Short text fragments from websites
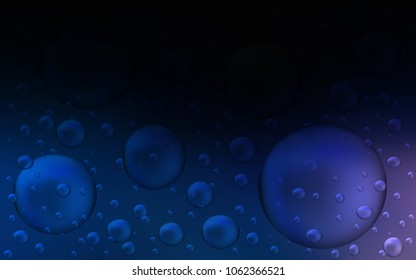 Dark BLUE vector cover with spots. Modern abstract illustration with colorful water drops. Beautiful design for your business natural advert.
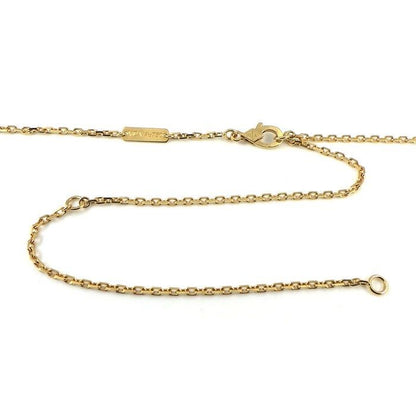 Van Cleef & Arpels Long Necklace Vintage Alhambra Guilloche 18k Yellow Gold — view 3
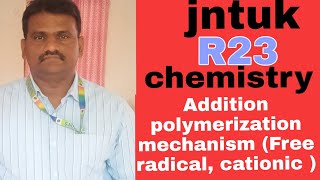 Addition polymerization mechanism  free radical and cationic mechanism [upl. by Sanalda]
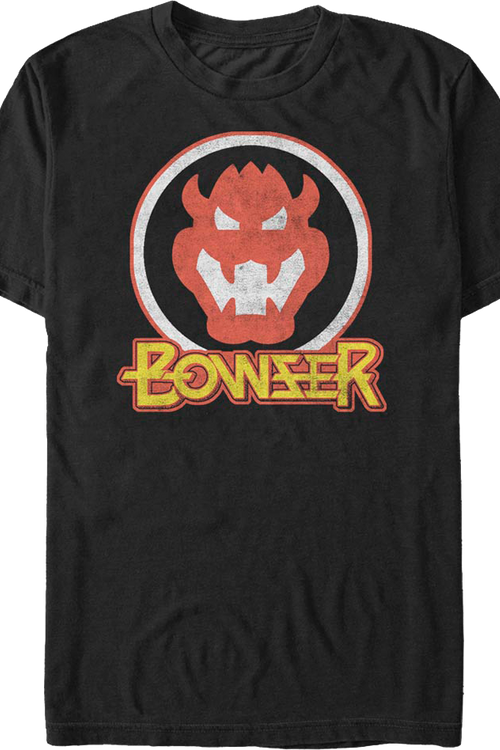 Bowser Logo Super Mario Bros. Nintendo T-Shirtmain product image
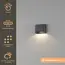 Artdelight Wandlamp Diaz 1L - Zwart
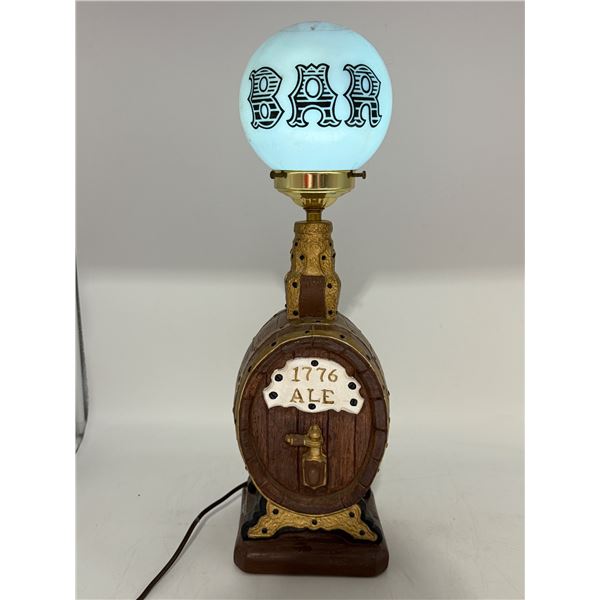 1776 Ale Keg Bar Lamp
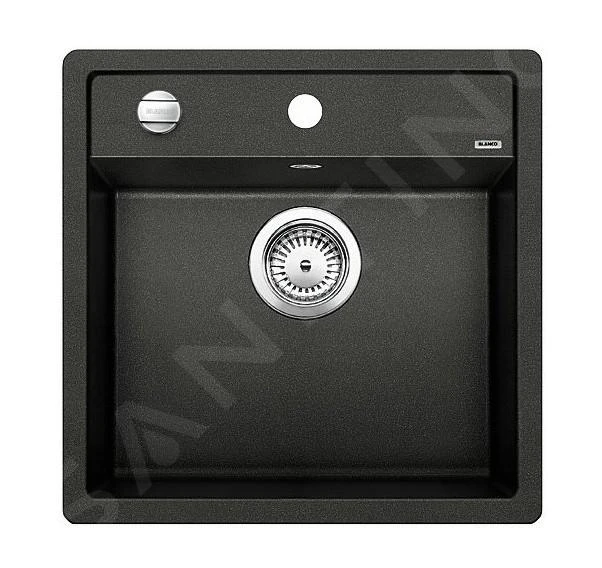Blanco Dalago 5 - Fregadero De Silgranite, 515x510 Mm, Con Control De Desagüe, Antracita 518521 2 Blanco Dalago 5 - Fregadero De Silgranite, 515x510 Mm, Con Control De Desagüe, Antracita 518521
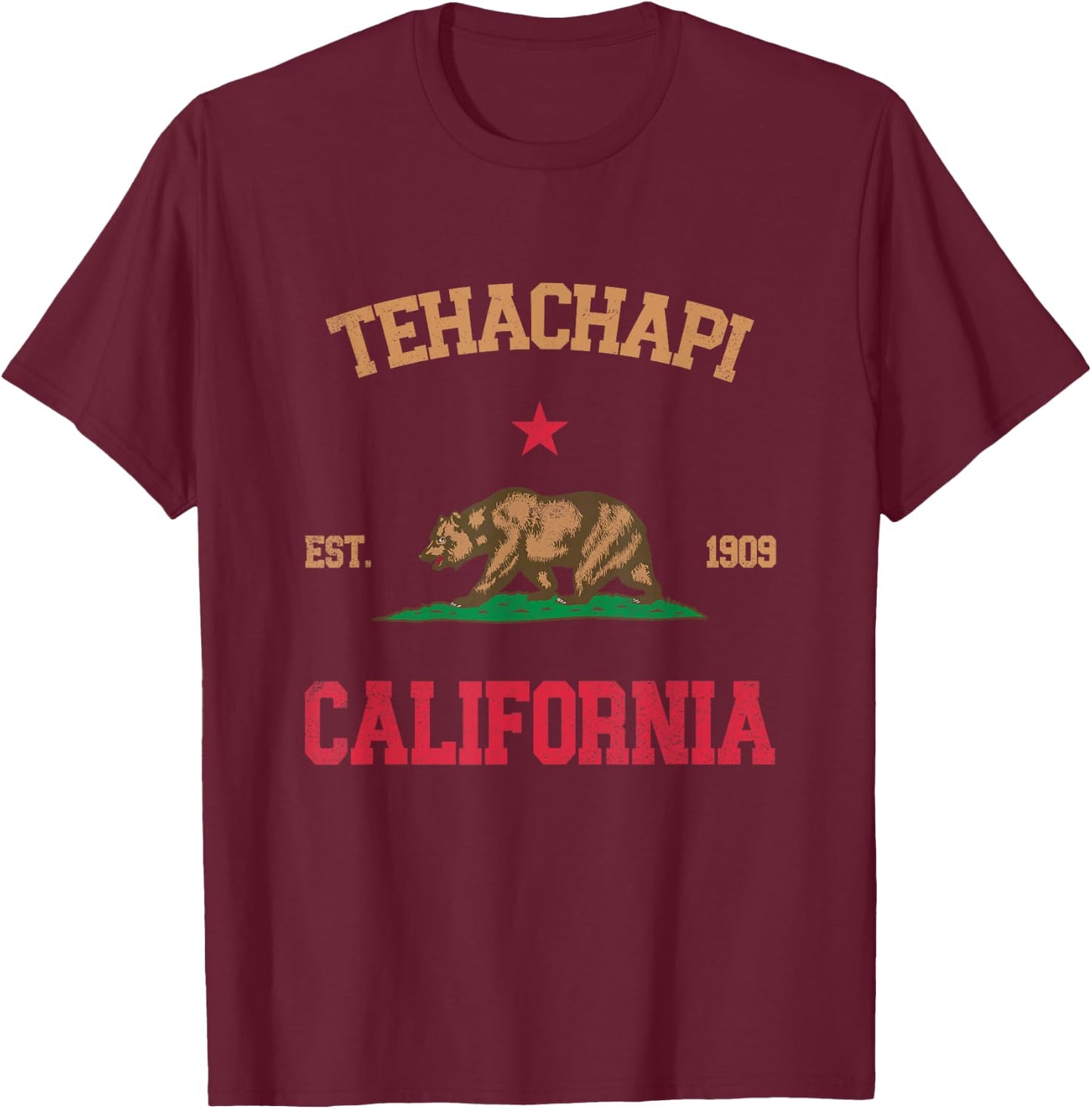 Tehachapi California T-Shirt - T-Shirt | Maroon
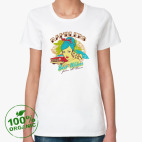 Женская футболка органик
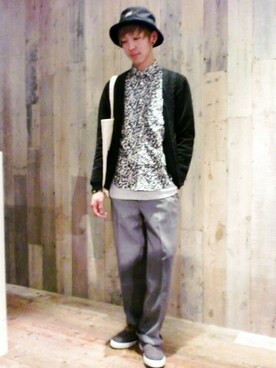 藤森大輝さん（メンズ・172cm）の冬コーディネート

## [What the exercise asks]
Every line above is to be given again exactly, apart from the pictures.

## [Answer area]
 Dark BLUE vector cover with spots. Modern abstract illustration with colorful water drops. Beautiful design for your business natural advert.
 Van Cleef & Arpels Long Necklace Vintage Alhambra Guilloche 18k Yellow Gold — view 3
 Addition polymerization mechanism  free radical and cationic mechanism [upl. by Sanalda]
 Bowser Logo Super Mario Bros. Nintendo T-Shirtmain product image
 Artdelight Wandlamp Diaz 1L - Zwart
 1776 Ale Keg Bar Lamp
Blanco Dalago 5 - Fregadero De Silgranite, 515x510 Mm, Con Control De Desagüe, Antracita 518521 2 Blanco Dalago 5 - Fregadero De Silgranite, 515x510 Mm, Con Control De Desagüe, Antracita 518521
 Tehachapi California T-Shirt - T-Shirt | Maroon
 Женская футболка органик
 藤森大輝さん（メンズ・172cm）の冬コーディネート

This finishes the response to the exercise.